┌─ Supplied material
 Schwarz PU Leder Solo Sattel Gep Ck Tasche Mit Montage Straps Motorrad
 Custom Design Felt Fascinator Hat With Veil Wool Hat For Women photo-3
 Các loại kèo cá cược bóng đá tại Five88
└─
┌─ Supplied material
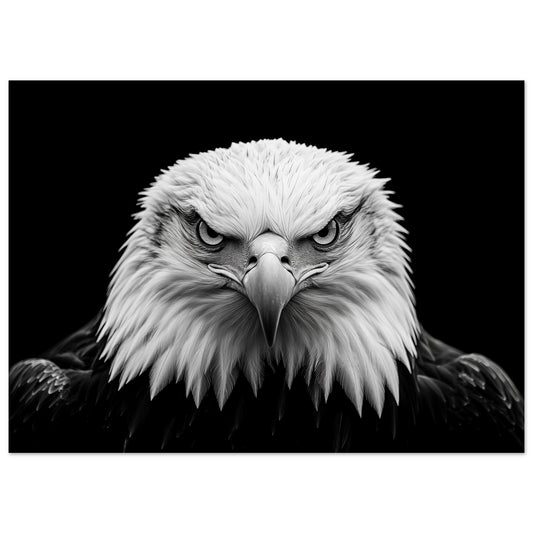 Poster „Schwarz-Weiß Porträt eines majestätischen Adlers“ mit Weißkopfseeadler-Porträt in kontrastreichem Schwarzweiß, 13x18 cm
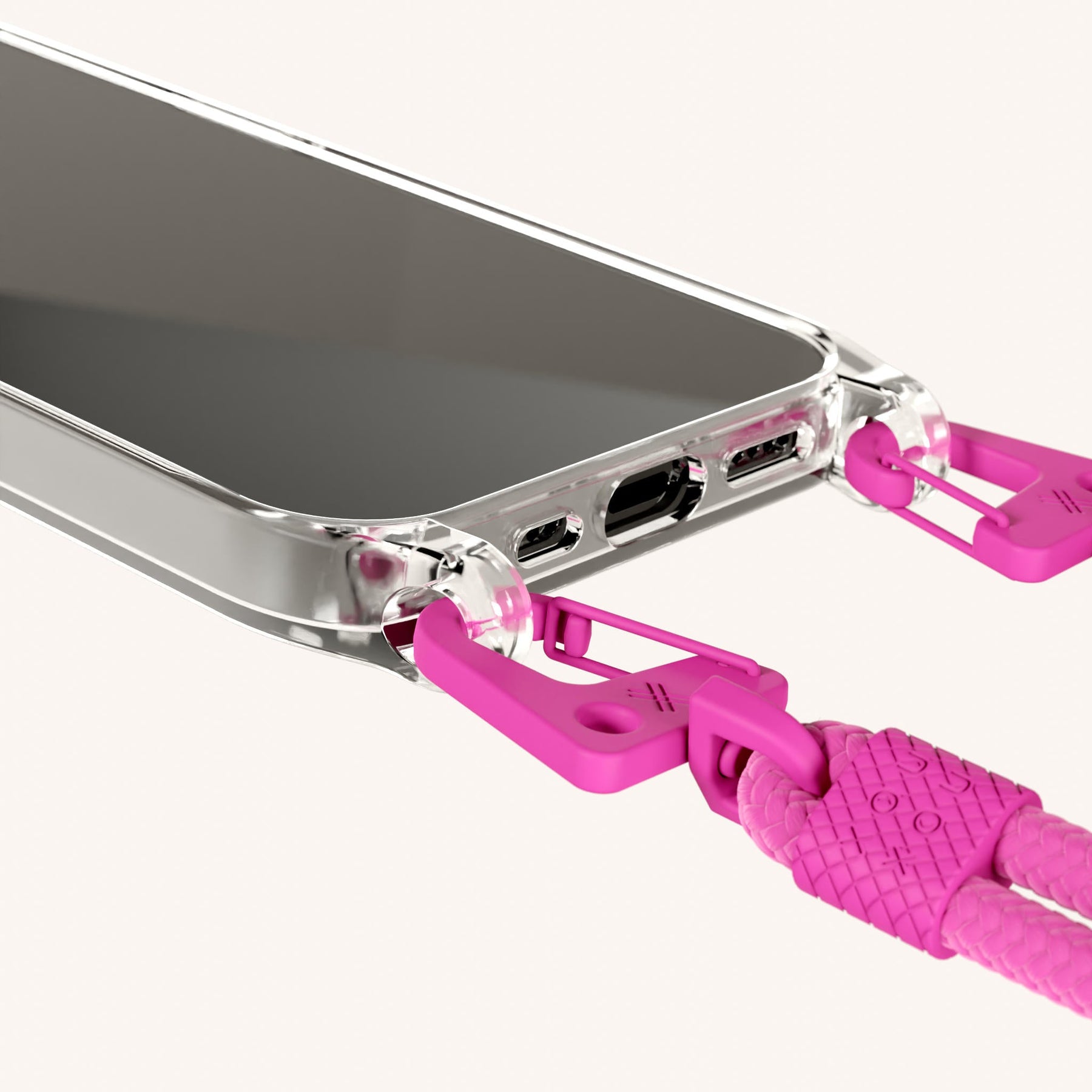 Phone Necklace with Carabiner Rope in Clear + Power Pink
└─
From the records above, transcribe exactly the run of lines that opens with the line holding "Custom Design Felt" and closes with the line holding "Các loại kèo cá cược bóng đá tại Five88", both included.

 Custom Design Felt Fascinator Hat With Veil Wool Hat For Women photo-3
 Các loại kèo cá cược bóng đá tại Five88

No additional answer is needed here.